Certo la letteratura è passione, emergenza
dell'imprevisto, conoscenza in profondità di ciò che
non si vede: la sua mi sembra invece una letteratura
patinata, proiettata sull'orizzonte di una
trasgressione pubblicitaria, tra moda e sport... Il
"campo aperto del futuro", che lei oppone a chi
indugia a frequentare le "mappe di un vecchio mondo",
non viene in realtà nemmeno sfiorato dalla "seduzione"
mediatica che promana da quella sua scrittura così
disinvolta, accattivante, appunto "sportiva".

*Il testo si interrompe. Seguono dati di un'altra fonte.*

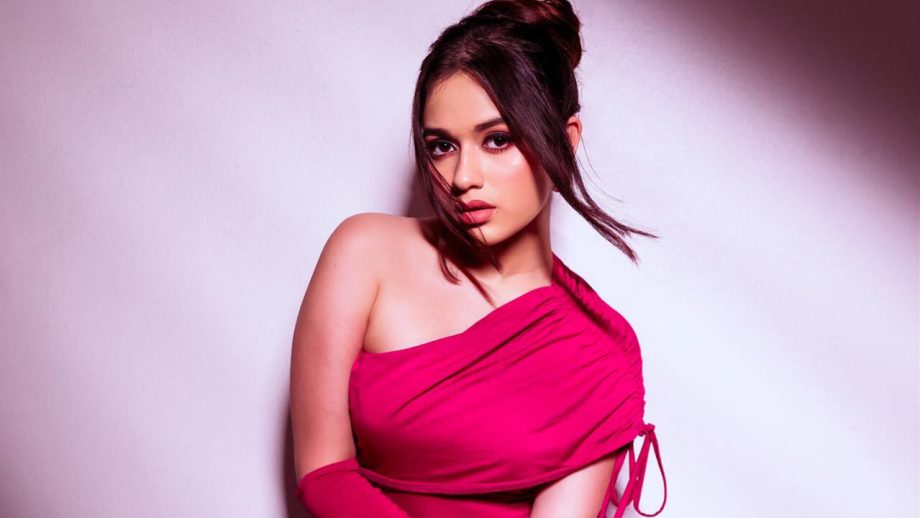 जन्नत ज़ुबैर रहमानी की वन शोल्डर ड्रेस पर टिकीं फैंस की निगाहें, दिखा ग्लैमर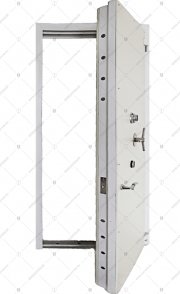 Дверь сейфовая стальная БАСТИОН-3 с системой запирания от штурвала, ключевой и комбинационный блокираторы (вид с торца)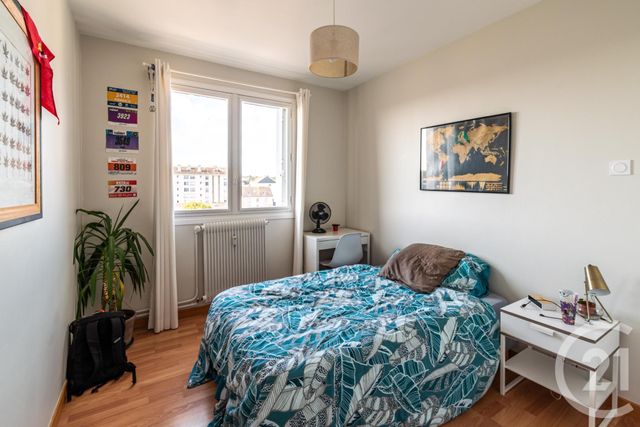 Appartement T5 à vendre - 5 pièces - 82,39 m2 - Laval - 53 - PAYS-DE-LOIRE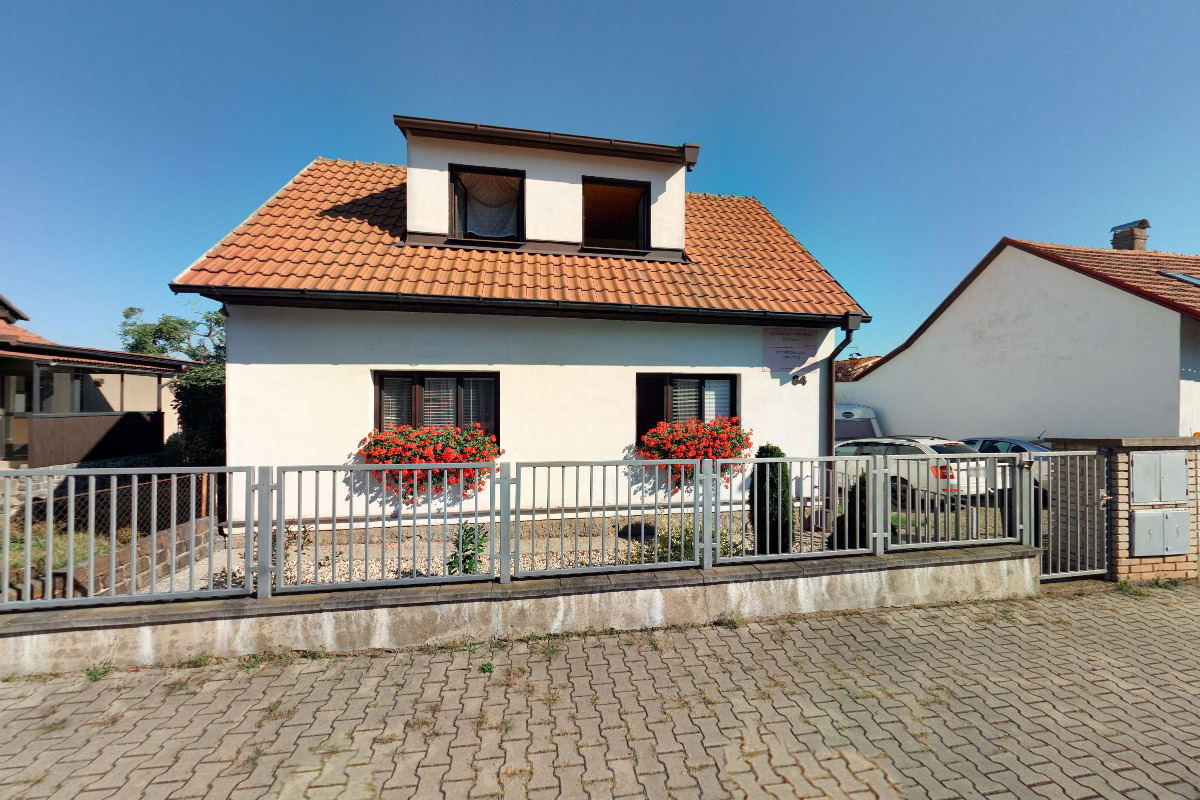 Kosmetika a nehty Farkačová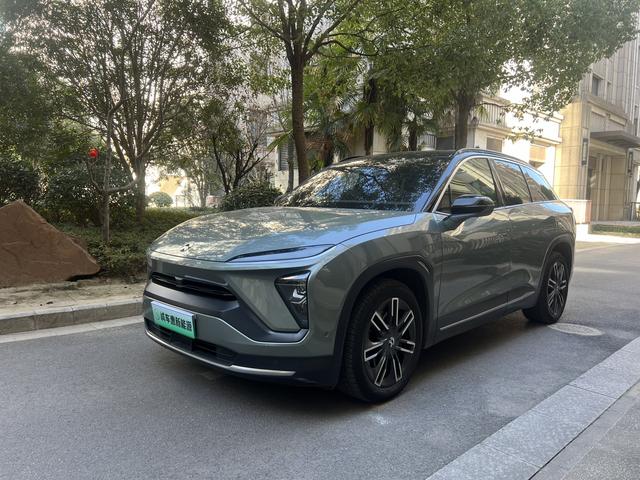 NIO ES6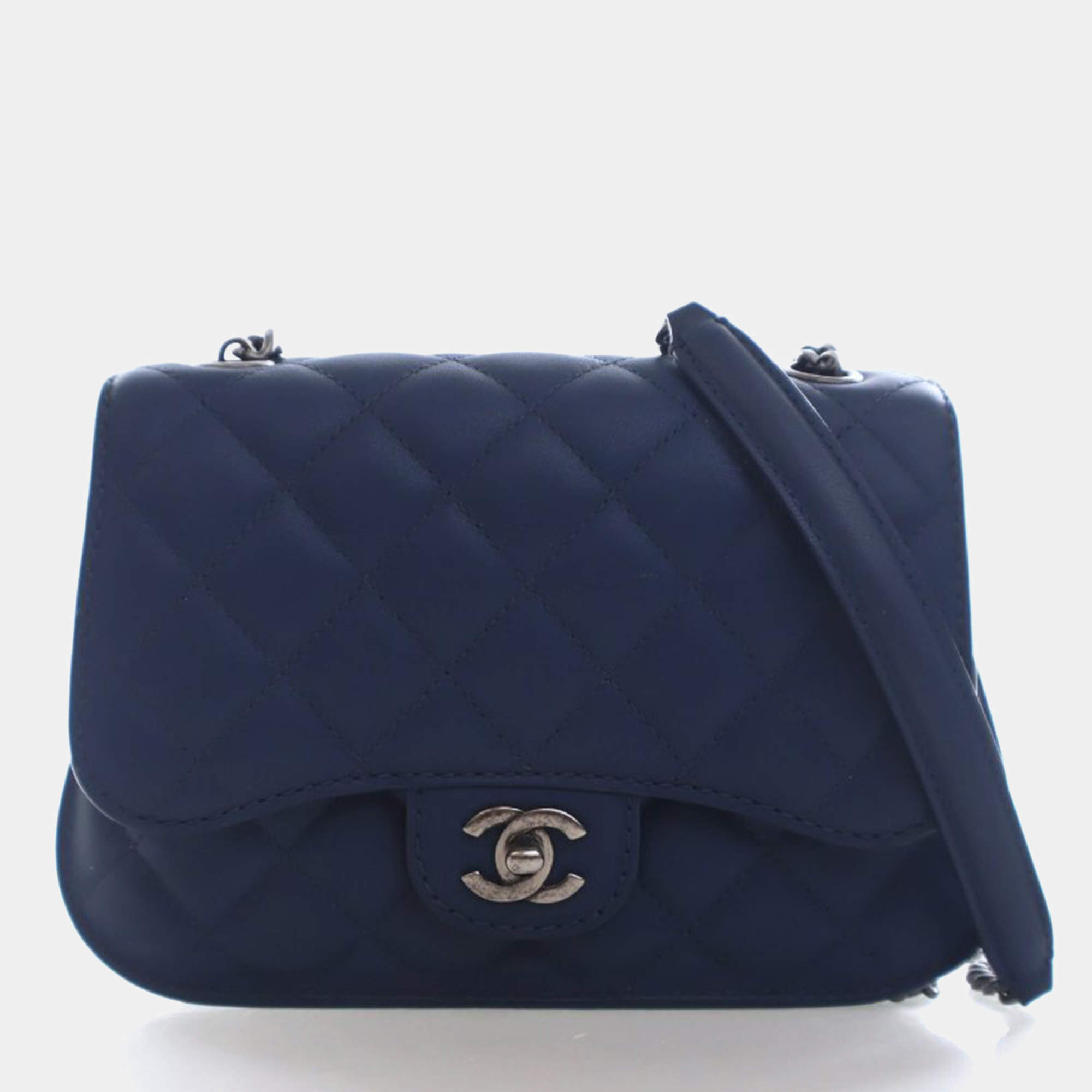 مملوكة مسبقًا Chanel Lambskin Quilted Messenger Flap Bag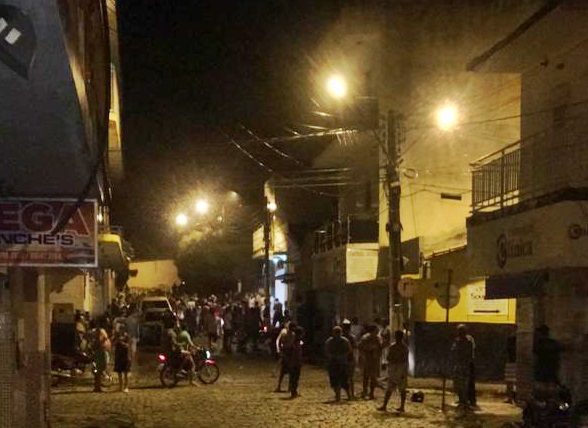 MADRUGADA DE TERROR: Bandidos explodem correspondente bancário do Bradesco e Casa Lotérica em Nazarezinho 28052020 NAZAREZINHO1 - MADRUGADA DE TERROR: Bandidos explodem correspondente bancário do Bradesco e Casa Lotérica em Nazarezinho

Siamo proprio lontani da quell'abietto ma sconvolgente
Truman Capote a cui è dedicato il film che lei è
andato a vedere invece di Lazio-Roma: io ho visto sia
il film che la partita e ne sono uscito doppiamente
depresso (anche in quanto laziale).

Ma le garantisco che ulteriore motivo di depressione è
stato per me sapere che in occasione
dell'inaugurazione dell'anno accademico della mia
università si è esibito il degnissimo cantante Claudio
Baglioni, ma non per cantare, sì invece per leggere
brani di Aristotele e del suo Novecento: lo vede che
le parole dei critici non contano nulla, nemmeno nelle
università dove essi insegnano, e i rettori affidano
le scelte culturali a ben diversi soggetti? E allora
che se ne può fare di recensioni che del resto nemmeno
ha il tempo di leggere? Contrito, le prometto che non
recensirò i suoi futuri romanzi, e semmai mi limiterò
a qualche frecciatina da "primo che passa".